Bacidia depriestiana

Scientific classification
- Kingdom: Fungi
- Division: Ascomycota
- Class: Lecanoromycetes
- Order: Lecanorales
- Family: Ramalinaceae
- Genus: Bacidia
- Species: B. depriestiana
- Binomial name: Bacidia depriestiana Lendemer & Keepers (2021)

= Bacidia depriestiana =

- Authority: Lendemer & Keepers (2021)

Species of lichen-forming fungus

Bacidia depriestiana is a species of lichen-forming fungus in the family Ramalinaceae. It is a sorediate crustose lichen that grows on the bark of white oak along forested stream banks on steep slopes in the Southern Appalachian Mountains in the United States.

==Taxoomy==
Bacidia depriestiana was described as a new species by James Lendemer and Kyle Keepers in 2021. The holotype specimen was collected by Lendemer on October 12, 2016 from a south-facing slope in the Nantahala National Forest, North Carolina.
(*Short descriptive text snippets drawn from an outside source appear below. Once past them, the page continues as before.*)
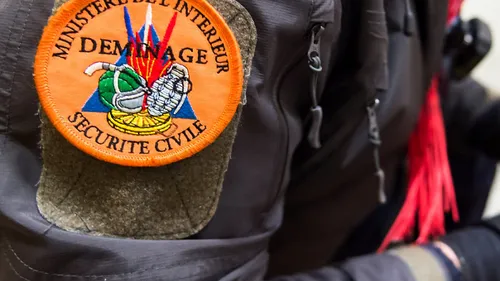 Rouen : opération déminage dans le quartier Flaubert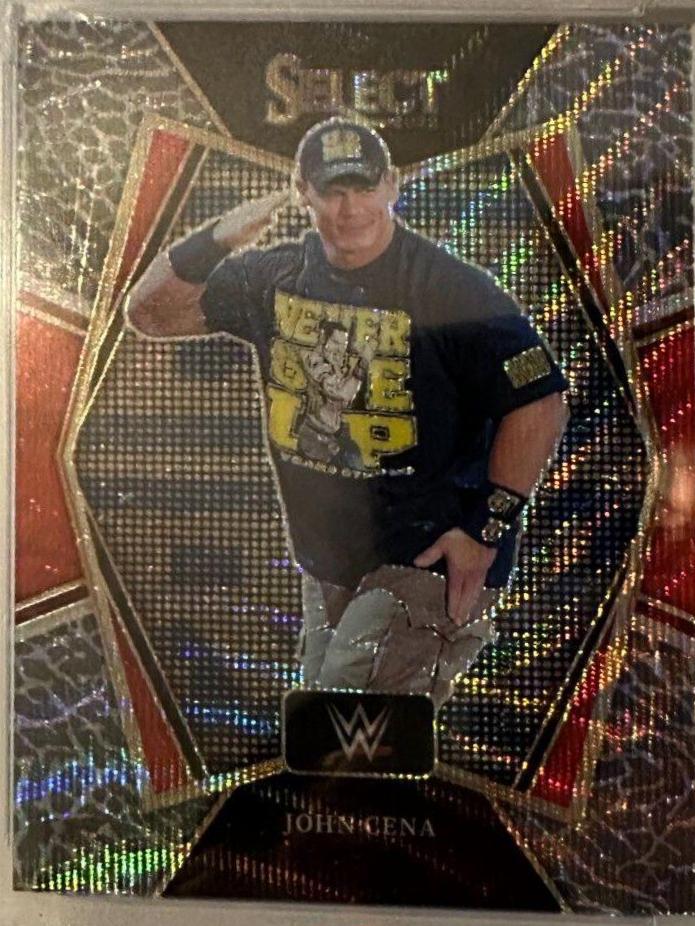 John Cena [Elephant Prizm] #145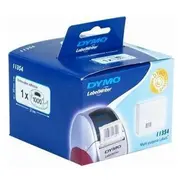 Dymo taśma S0722540 Black on white  13501170722548
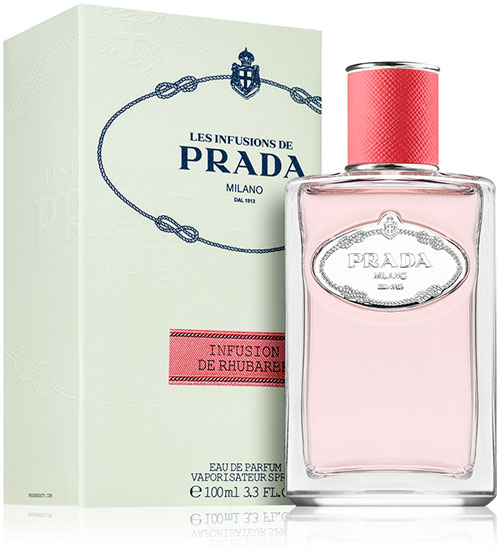 Parfum Prada Les Infusions Infusion Rhubarbe Parfum Prada Les Infusions Infusion Rhubarbe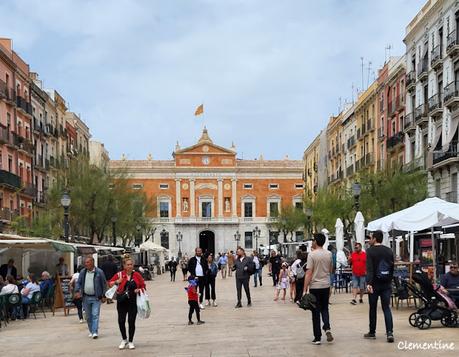 Tarragone - Centre historique, Amphithéâtre et le Cirque Tarragone - Centre historique, Amphithéâtre et le Cirque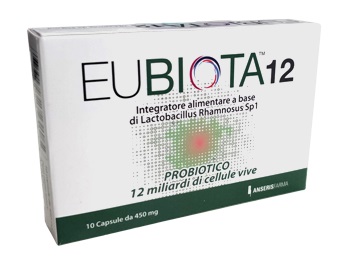 EUBIOTA 12 10 CAPSULE - famajoy.it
The specimen (NY-03033306) was found growing on the bark of white oak (Quercus alba) in a mixed hardwood forest dominated by maple (Acer), hickory (Carya), black gum (Nyssa), and oak (Quercus) species, with eastern white pine (Pinus strobus) and an understory of rhododendron and mountain laurel (Kalmia); the collection site was located at an elevation of 3250 ft. The species epithet, depriestiana, honors Paula DePriest, for her research contributions to Appalachian lichen biodiversity knowledge.

==Description==
Bacidia depriestiana has a yellowish-grey thallus, broken up into minute that are often topped are topped irregular balls of grainy blue-gray soredia. Since it reproduces asexually, chemistry is important for identifying it; it produces zeorin and atranorin.

==Distribution==

Bacidia depriestiana grows on the bark of white oak (Quercus alba) along forested stream banks on steep slopes in the Southern Appalachian Mountains in the United States. As of its original publication, it had been documented from three locations: in Tennessee, North Carolina, and South Carolina.